So you're probably wondering how this makes me proud of myself. Well, I have been known to become a VERY irritable grouch on so little sleep. However, not once did I lose my temper with either child last night. I did not become frustrated and feel like screaming at how gross the puking was, or how annoying the crying gassiness was. And to top it all off, my 5 yr old woke me up at 9:45 (not that I was really asleep) and asked me if she was going to miss her bus. Her bus comes at 10:30. Somehow I got it together enough to dress and feed my 2 yr old, dress and feed my 5 mo. old, and have my 5 yr bathed, dressed, fed, hair combed and teeth brushed, AND out to the bus on time, all with out getting frustrated and losing my cool. Yep, I am one proud parent.

Monday, December 05, 2005

Marriage is all about...love?

Oh my, I think if I looked in a mirror right now my eyes would be puffy and have dark circles underneath. Last night I came home late from work, I work until 9 and I got home at 9:40. As soon as I walk in the door I can tell that Derek is upset. Jen and Aid are sitting on the couch which is the first sign that they have been irritating him. I apologize for being late, although I'm really not, and he tells me 9:30 is the latest I can come home from work. "I'm about ready to pull my hair out. Aid is driving me nuts, Jen won't stop talking and Lil has been crying for the past 2 hrs." I decide right then and there that I will keep my mouth shut. Derek is in a foul mood, and he begins to vent his frustrations. Primarily with state of the house, and my lack of keeping it clean. My job is getting in the way, and maybe I should reconsider having one. "I can't understand how someone can do nothing for 8 hrs." Meaning that I obviously do nothing while he is at work. I admit his frustrations with the house are only about 65% true. I could do better, but I also don't sit on my butt all day. I have two choices in my mind, 1. Clean house all day and not play with my kids, or 2. Do a few chores and spend my free time hanging out with my kids and getting a little sewing done. Easy answer, kids come first. But I kept my mouth shut because I knew it would just start an argument, and I know he needs to vent. If I had an defense for everything he said, then eventually he just wouldn't vent at all and then he would be no fun to live with. So instead I told him to just go to bed, and then I proceeded to stay up until 2:00am cleaning the house. (well, I couldn't vacuum because it was so late) Hence, the eyes.

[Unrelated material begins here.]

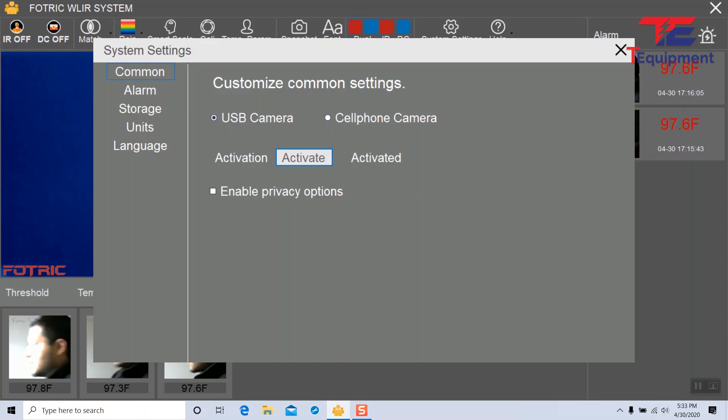Activation we took care of during our first installation step, and now we're presented with the enabled privacy options. This is great for those that are looking to protect any personally identifiable information or PII.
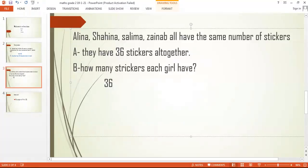Alina, Shahina, Salima, and Zainab all have the same number of stickers. They have 36 stickers altogether. How many stickers does each girl have?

So we bought a fake tree. I can't believe I relented, but Derek had a good point. We always go to my parents for Christmas, and therefore don't need a tree, but he doesn't want the kids to grow up with out a tree. Point well taken. It's actually pretty nice and after rebate is only $30. Originally $60. I have so much sewing to do for Christmas presents, but I seem to be getting things done in a timely manner and shouldn't be rushed close to quitting time.

Well, I should probably go. Still need to get the kiddos breakfast. Then vacuum.